START EXCERPTED DATA

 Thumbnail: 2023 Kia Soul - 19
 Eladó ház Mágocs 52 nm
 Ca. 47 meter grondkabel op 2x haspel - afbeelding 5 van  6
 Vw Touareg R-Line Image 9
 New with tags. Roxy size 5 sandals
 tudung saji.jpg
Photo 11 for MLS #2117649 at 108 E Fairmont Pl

END EXCERPTED DATA
START EXCERPTED DATA

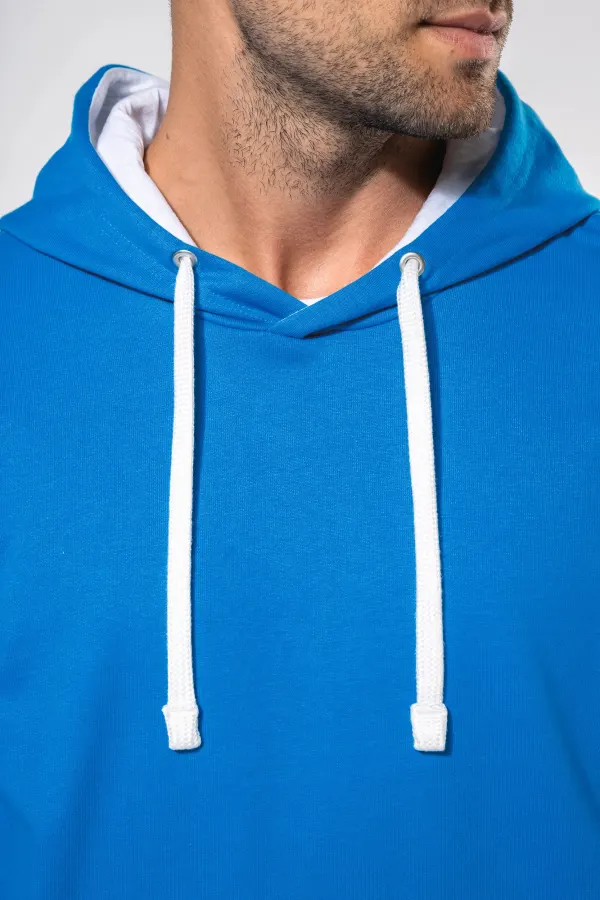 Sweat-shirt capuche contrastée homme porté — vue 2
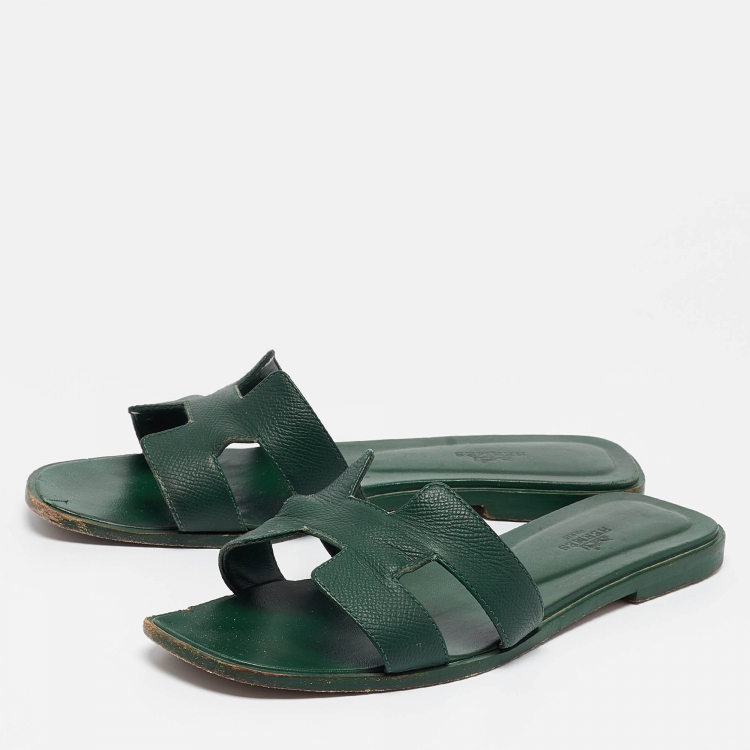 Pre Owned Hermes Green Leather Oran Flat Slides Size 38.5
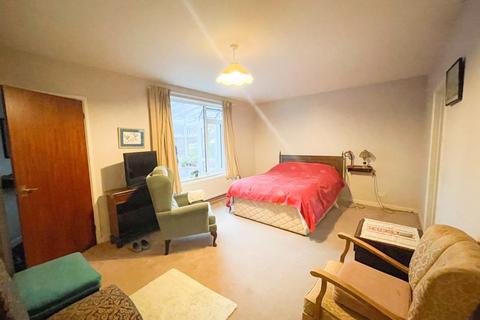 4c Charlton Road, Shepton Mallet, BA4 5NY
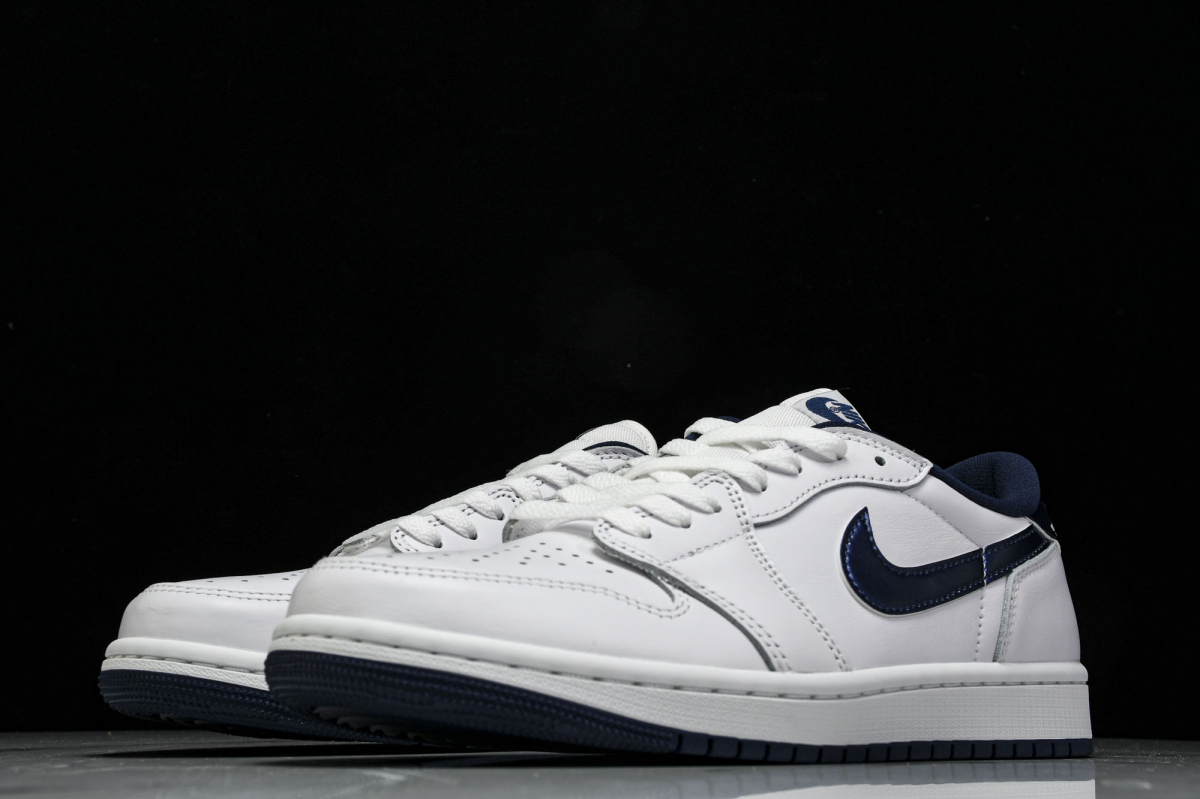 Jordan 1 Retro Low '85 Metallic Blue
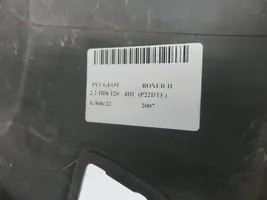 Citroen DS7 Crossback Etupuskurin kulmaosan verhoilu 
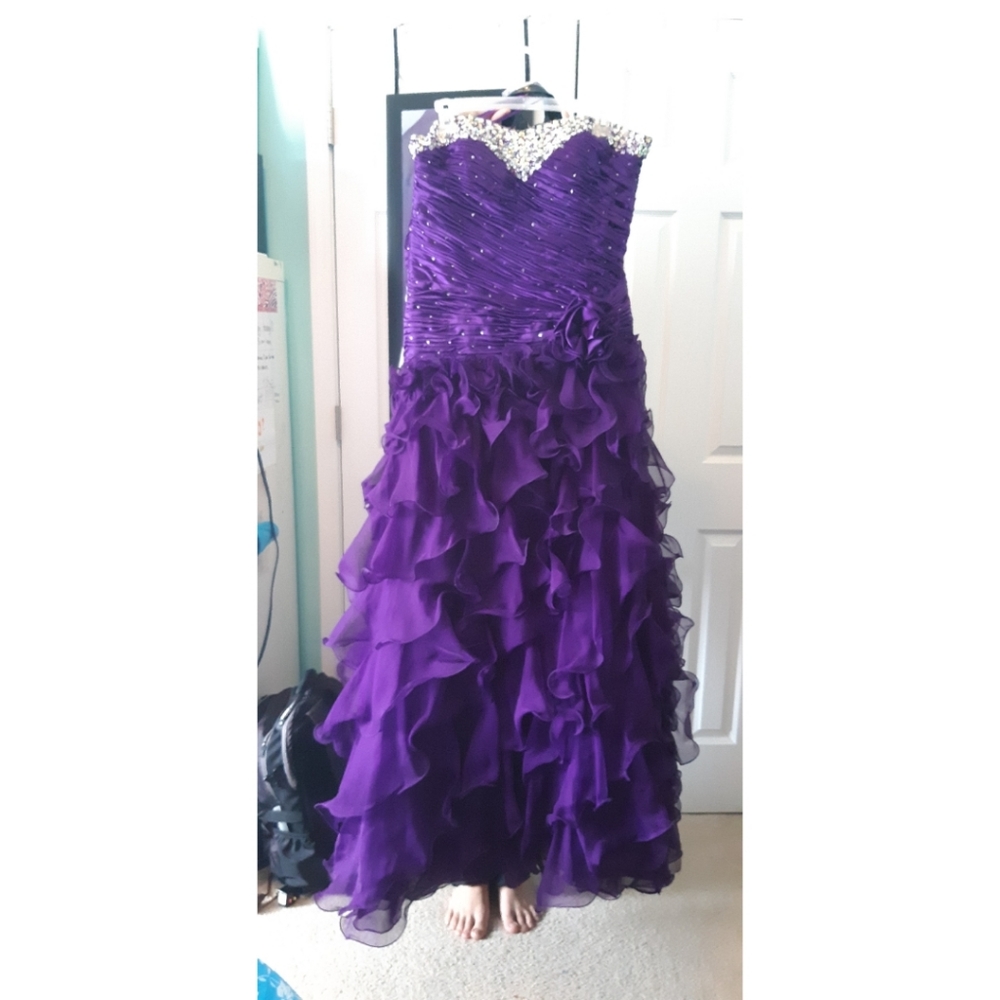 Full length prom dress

END EXCERPTED DATA

• _EXERCISE AIM_
Here the job is to copy the stretch of records from the line containing "Pre Owned Hermes" through the line containing "Full length prom dress", word for word. Leave every picture out.

• _RESULT OF THE EXERCISE_
 Pre Owned Hermes Green Leather Oran Flat Slides Size 38.5
 4c Charlton Road, Shepton Mallet, BA4 5NY
 Jordan 1 Retro Low '85 Metallic Blue
 Citroen DS7 Crossback Etupuskurin kulmaosan verhoilu 
 Full length prom dress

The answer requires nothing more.